Serpientes en el paraíso (27 page)

Read Serpientes en el paraíso Online

Authors: Alicia Giménez Bartlett

BOOK: Serpientes en el paraíso
7.81Mb size Format: txt, pdf, ePub

—¡No! Quiero que nos ayuden las hermanas Enárquez. Ellas son accionistas de una clínica de lujo. ¡Seguro que conocen a la directora de Salute y pueden convencerla para que nos pase el dato de tapadillo!

La teoría del aprovechamiento integral vital, ¡menudo invento! Claro que lo que estaba diciendo Garzón no era completamente descabellado. Medité.

—Si descubriéramos algo, no podríamos esgrimirlo como prueba legal.

—Pero podríamos actuar en uno u otro sentido, forzarla a hablar... ¡saber la verdad!

—Lleva razón.

—¡Qué bonitas palabras viniendo de usted, inspectora! «Lleva razón.» ¡Nunca las olvidaré!

—Póngase manos a la obra y menos cachondeo. A lo mejor las hermanas no quieren ni oír hablar de algo así.

—Déjelo de mi cuenta.

Puso una ridícula cara de seductor. Lo odié. Se largó sin decir ni adiós. Pedí otra taza de café para hacer un poco de tiempo. Mis pensamientos volvieron al lugar justo donde tenían que estar. ¿Era posible que en la clínica mintieran sobre la permanencia de Rosa en sus instalaciones? Quizá no en la clínica, pero bien pudiera ser que la doctora Climent fuera su amiga personal y la cubriera como hizo Malena. ¿Qué ocurrió entonces durante esas seis horas? ¿Quedó de acuerdo Rosa con Lali y con Olivera para cargarse a Juan Luis? ¿Por qué? Las preguntas no hacían sino confundirme más, el trote ágil de las ideas se convertía rápidamente en un galope desbocado. Volví a comisaría y dediqué todo el tiempo a redactar esos informes necesarios que no informan de nada y cuya lectura es obligada para unos jefes que no los leen jamás.

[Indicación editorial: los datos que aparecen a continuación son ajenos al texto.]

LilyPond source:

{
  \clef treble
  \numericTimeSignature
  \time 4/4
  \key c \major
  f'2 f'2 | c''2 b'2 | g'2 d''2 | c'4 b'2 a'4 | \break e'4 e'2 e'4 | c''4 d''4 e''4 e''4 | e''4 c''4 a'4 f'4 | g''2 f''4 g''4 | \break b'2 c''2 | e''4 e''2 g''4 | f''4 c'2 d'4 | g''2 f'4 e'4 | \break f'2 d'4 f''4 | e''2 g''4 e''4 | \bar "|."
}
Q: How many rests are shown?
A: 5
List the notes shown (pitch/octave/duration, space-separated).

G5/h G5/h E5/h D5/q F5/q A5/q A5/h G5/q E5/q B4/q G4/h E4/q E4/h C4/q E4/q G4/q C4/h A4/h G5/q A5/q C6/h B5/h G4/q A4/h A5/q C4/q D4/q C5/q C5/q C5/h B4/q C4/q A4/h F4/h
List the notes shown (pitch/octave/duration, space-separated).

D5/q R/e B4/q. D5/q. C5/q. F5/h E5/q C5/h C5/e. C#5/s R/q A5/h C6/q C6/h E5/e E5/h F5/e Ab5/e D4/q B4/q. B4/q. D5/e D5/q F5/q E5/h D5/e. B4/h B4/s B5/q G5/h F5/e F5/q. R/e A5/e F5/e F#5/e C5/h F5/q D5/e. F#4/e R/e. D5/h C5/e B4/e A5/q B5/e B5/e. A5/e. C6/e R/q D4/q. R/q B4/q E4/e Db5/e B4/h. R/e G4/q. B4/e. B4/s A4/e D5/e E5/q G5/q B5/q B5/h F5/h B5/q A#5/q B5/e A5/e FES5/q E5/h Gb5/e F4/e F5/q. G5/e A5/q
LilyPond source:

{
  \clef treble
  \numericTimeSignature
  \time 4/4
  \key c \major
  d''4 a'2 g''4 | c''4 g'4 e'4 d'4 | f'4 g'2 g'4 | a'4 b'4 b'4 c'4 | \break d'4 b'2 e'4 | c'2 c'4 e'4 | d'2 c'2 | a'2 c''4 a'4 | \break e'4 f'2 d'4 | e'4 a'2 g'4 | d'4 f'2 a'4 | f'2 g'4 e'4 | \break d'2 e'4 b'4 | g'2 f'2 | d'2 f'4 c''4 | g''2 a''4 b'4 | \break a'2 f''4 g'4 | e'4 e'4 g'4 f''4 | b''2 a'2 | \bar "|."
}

A las siete acudí a la última reunión para la seguridad del papa. Después, sólo se realizaría un ensayo general antes de la puesta en práctica del dispositivo. El cardenal me saludó con una leve caída de párpados muy en la línea eclesial. Todo daba a entender que la reiteración y el aburrimiento también habían hecho mella en él. Debía de estar deseando volver a las intrigas vaticanas. El momento álgido de su protagonismo se lo había brindado la policía de Barcelona permitiéndole participar a su modo en una investigación. ¿También un cardenal sueña con ser detective alguna vez? No sé si era su caso; desde luego, el de las hermanas Enárquez, sí. Ellas sí formaban parte del colectivo ciudadano medio que ha deseado en alguna ocasión barajar pruebas, hacer hipótesis, vestir el hábito de investigador. Eso demostró su actitud cuando el subinspector les contó lo que esperábamos de ellas.

Lejos de esgrimir la prudencia, el negocio o la ética empresarial, aquellas dos locas deliciosas encontraron fascinante el proyecto. Veían en él un riesgo y una novedad que las entusiasmó. Supuse que el subinspector había contribuido a que hallaran el asunto tan fascinante. Con toda probabilidad lo adornó de unos ribetes románticos de los que en realidad carecía, de una trascendencia para la resolución del crimen de la que no estábamos ni pizca seguros. Como no me fiaba demasiado de las promesas que el subinspector pudiera haberles hecho puesto en el papel de reclutador de refuerzos, les conté la cruda realidad. Pero no se desanimaron. En su casa, frente a un whisky, se pergeñaron los detalles de la acción.

Lo primero que se les ocurrió fue dar testimonio de su ciudadanía de bien adhiriéndose a los principios del Cuerpo Nacional de Policía. Después de ese comienzo tan prometedor, Concepción Enárquez tomó tierra por fin en la realidad.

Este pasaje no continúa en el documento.